# DATA PROVIDED
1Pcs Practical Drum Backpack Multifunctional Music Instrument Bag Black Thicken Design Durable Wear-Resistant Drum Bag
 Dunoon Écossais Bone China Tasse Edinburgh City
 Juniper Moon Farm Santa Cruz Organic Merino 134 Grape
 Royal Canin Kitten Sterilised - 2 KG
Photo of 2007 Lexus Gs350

# REQUIRED ACTION
Only those lines running from the one containing "Royal Canin Kitten Sterilised - 2 KG" through the last line of the data above are to be copied, exactly, with both ends included.

# SOLUTION BELOW
 Royal Canin Kitten Sterilised - 2 KG
Photo of 2007 Lexus Gs350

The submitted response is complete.